What does the law in Arizona state about getting separated from someone
you are married to?
There is a residency rule that says that one of you must have been in residence
in the state for 90 days before even filing for divorce. There may also
be a waiting period after you file. If you or your spouse does not agree
that the marriage is irretrievably broken, the judge has the right to
order both of you into what is called a "conciliation conference."
This gives you a chance to try and make the marriage work for a 60-day
period. If after that time you see that there is no reasonable prospect
of reconciliation, then the divorce can go through.

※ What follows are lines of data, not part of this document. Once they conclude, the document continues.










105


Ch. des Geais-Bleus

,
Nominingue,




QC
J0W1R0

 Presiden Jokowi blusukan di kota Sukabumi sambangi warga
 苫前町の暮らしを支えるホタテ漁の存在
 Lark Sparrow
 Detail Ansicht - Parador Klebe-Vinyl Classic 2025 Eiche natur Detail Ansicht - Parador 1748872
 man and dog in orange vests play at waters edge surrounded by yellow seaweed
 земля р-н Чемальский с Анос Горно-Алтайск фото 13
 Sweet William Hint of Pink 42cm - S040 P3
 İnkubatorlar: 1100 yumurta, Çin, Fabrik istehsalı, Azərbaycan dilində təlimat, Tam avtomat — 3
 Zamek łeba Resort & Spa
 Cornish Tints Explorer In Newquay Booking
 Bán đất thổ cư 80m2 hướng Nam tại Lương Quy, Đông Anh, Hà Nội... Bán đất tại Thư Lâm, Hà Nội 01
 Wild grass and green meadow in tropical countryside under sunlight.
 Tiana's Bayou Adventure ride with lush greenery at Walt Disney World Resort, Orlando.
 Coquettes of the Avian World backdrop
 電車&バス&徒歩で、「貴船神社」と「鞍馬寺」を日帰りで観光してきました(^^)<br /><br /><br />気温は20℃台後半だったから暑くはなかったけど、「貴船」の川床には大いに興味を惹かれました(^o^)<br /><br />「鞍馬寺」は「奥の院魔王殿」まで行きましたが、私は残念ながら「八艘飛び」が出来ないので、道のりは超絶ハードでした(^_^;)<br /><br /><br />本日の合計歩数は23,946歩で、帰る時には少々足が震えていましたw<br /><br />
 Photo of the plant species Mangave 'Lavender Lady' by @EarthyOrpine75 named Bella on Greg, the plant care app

Since Arizona is a "no fault" state, there really is only the
60-day requirement if one of you asks for it. If both of you want the
divorce, then you may end your marriage quickly. The only defense that
you have for not getting a divorce is if one of you says, as stated previously,
that you want a conciliation conference.
Being a no fault state makes it easier to
get a divorce. This brings up the question of child support and custody, if children
are involved. Also, you have property, assets and debt that must be dealt
with. Who will get the home and who will have physical and legal custody
of the kids are complex issues that you may want to have a lawyer take care of.
Calling in a legal representative isn't a cop out; it is a wise move.
This individual has your best interests in mind and will work diligently
so that you have a better chance of getting what is rightfully yours.